As a child I was keenly aware that I did not fit the ideal of what society deemed beautiful. I was stocky and possessed an unremarkable face. My teeth were a mess. My hair was curly and my mother didn’t have the faintest idea how to care for it. The things she knew to do to care for her own straight hair only made mine more unruly and damaged.
A friend visiting my room during my early teen years remarked that she had finally figured out what was missing from my bedroom, a mirror. I had not noticed its absence. I rarely looked in a mirror. In truth, I still rarely look into a mirror. I am not all that comfortable with what I see reflected back when I do look. So, I most often pass mirrors by without a glance.
While never really comfortable in my own skin, I have grown quite comfortable in my own soul. God gifted me with a sensitive and caring heart, a quick mind and the ability to turn a phrase. These gifts I have honed in an effort to use them to their fullest. In doing so I have grown into a woman who makes an impact in the world and in the lives of the people I love.
If I had been more comfortable with my physical beauty it might have been a distraction to me. It might have made me feel less need to concentrate on the development of inward beauty. From time to time I imagine what it might be like to be a great beauty pleasing to the eye, but mostly I am content to possess a beauty that touches the heart instead. That is the only beauty that lasts.














































Lovely analysis and reflection of your story and experiences.
This line: “I am content to possess a beauty that touches the heart” is stunning.
I loved this post! I never had a mirror in my bedroom as a teen either. As an adult the only mirrors hubby and I had in our house were in the bathroom (the little ones). We recently moved into a house with mirrored closet doors that take up one entire wall of the bedroom. I hate them. A lot! LOL
I love the recognition that spiritual beauty is more long-lasting than physical beauty!
Oh, gosh! I think the wall of mirrors would have scared me off!
Thank you for sharing your heart, and I can see reflections of your beauty throughout your writing. I think it’s unfortunate that our collective worldview of beauty is so skewed. Whose to say what beautiful is or isn’t? I believe beauty is in every human being, every single one. Of course, it’s easier to tell this to you than to myself
So much easier to see the beauty in others!
I really liked this line:
“If I had been more comfortable with my physical beauty it might have been a distraction to me. ”

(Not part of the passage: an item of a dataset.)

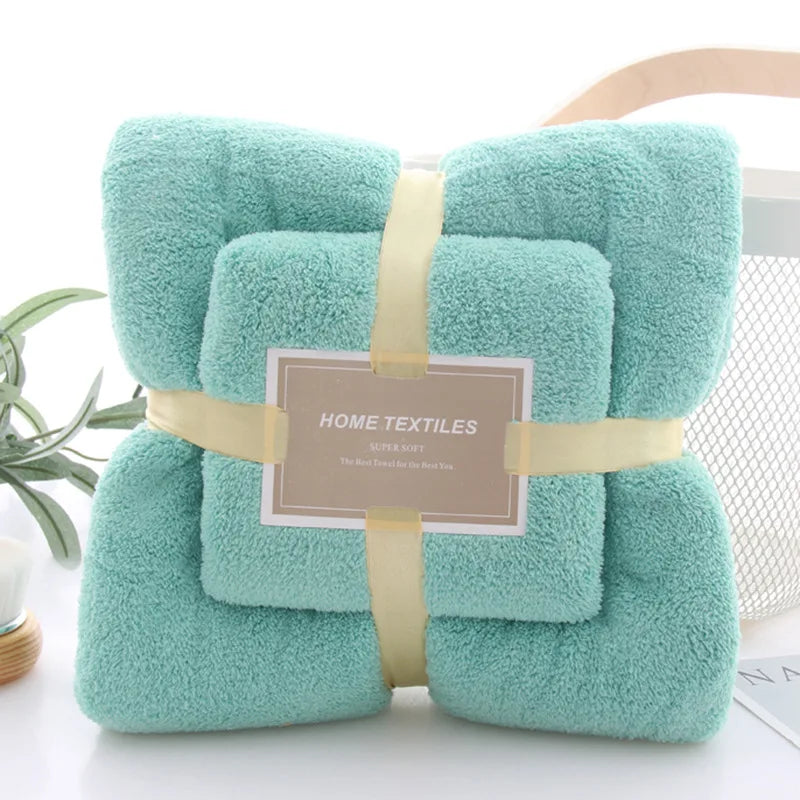 Een even zacht handdoeken set als je baby met de perfecte match😘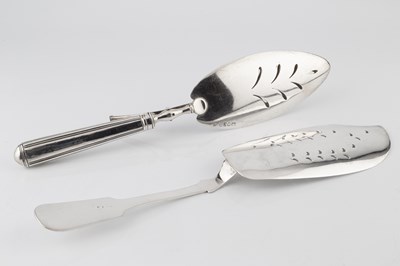 Lot 696 - A George III silver fish slice, the oval...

I’ve been working on this comment for, like, 5 minutes and realized I have nothing to add because you’ve said it so well.
Truly a Proverbs 31:30 read.
I enjoyed reading this. Thank you for sharing it.
You got me to get my Bible out this morning to check the verse! perfect
It’s true… beauty is as beauty does.
Your beauty shines through in your words. In the experiences that you share. In the things that you have seen and the reactions that you have had.
I have never judged someone for the way they looked… which is in part, why I was picked on so much in Highschool. If you had a big heart and enjoyed life, I wanted to spend time with you. I’m still that way.
“I have grown quite comfortable in my own soul.” Love that line–what a show of inner beauty and strength. If only everyone was able to be at peace with themselves. Well done.
You seem to have what I have just in the last few years gotten a grasp on.
Beauty is in the eye of the Beholder. My Beholder is God and He made me with His perfect beauty inside and out. I’ve finally learned if my beauty is not pleasing to the world its ok because He says I’m His beloved and a masterpiece. And that’s what gives me my true value and worth anyway. Wonderful post, wonderful words and wonderful view of life.
I am glad you recognize the truly important part of beauty and that you honor it so well.
You know…until you mentioned it, I didn’t realize I never had a mirror in my room either. For probably many of the same reasons.
This was a great introspective piece. I really enjoyed ever word.
Who gets to decide what beauty looks like? The media? In my experience, the most beautiful people are those who make others feel valued. You seem like one of those truly beautiful people. Great writing!